• Exercise details:
Say how many of the lines below contain the word "Apartment"; nothing else belongs in the answer.

═════ Data records

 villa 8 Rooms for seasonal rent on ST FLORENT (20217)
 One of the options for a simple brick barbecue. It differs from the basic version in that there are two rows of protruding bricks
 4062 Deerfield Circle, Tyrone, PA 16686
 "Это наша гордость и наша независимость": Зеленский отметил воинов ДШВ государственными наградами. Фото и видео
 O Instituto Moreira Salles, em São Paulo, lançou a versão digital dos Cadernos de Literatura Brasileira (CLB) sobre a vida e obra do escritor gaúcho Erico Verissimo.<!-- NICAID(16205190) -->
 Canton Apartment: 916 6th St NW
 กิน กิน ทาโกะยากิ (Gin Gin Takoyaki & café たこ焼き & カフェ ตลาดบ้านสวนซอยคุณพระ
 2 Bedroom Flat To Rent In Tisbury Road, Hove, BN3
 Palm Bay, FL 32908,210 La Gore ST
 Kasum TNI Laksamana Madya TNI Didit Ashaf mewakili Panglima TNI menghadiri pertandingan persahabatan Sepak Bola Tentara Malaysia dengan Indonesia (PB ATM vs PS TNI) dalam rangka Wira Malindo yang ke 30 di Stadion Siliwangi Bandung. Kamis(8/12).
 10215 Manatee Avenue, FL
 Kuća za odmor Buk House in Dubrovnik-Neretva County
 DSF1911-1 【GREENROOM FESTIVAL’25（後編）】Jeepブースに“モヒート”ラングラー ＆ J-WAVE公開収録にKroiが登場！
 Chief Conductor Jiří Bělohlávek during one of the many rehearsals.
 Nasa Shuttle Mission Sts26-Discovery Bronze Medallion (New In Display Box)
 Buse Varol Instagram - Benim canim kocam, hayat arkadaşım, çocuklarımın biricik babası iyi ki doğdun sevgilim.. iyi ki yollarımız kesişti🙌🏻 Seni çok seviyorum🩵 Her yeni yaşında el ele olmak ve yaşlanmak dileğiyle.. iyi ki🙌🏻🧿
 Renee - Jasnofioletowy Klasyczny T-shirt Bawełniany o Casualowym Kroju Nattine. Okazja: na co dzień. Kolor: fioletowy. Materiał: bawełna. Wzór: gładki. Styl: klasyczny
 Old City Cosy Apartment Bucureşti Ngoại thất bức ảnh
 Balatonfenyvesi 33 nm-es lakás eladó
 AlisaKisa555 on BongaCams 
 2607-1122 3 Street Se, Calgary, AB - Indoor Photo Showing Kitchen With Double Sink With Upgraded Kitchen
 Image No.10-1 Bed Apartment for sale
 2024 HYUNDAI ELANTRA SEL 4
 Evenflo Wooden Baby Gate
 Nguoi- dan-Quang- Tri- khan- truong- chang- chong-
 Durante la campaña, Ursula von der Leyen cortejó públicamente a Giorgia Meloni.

══════════

• Result of the exercise:
3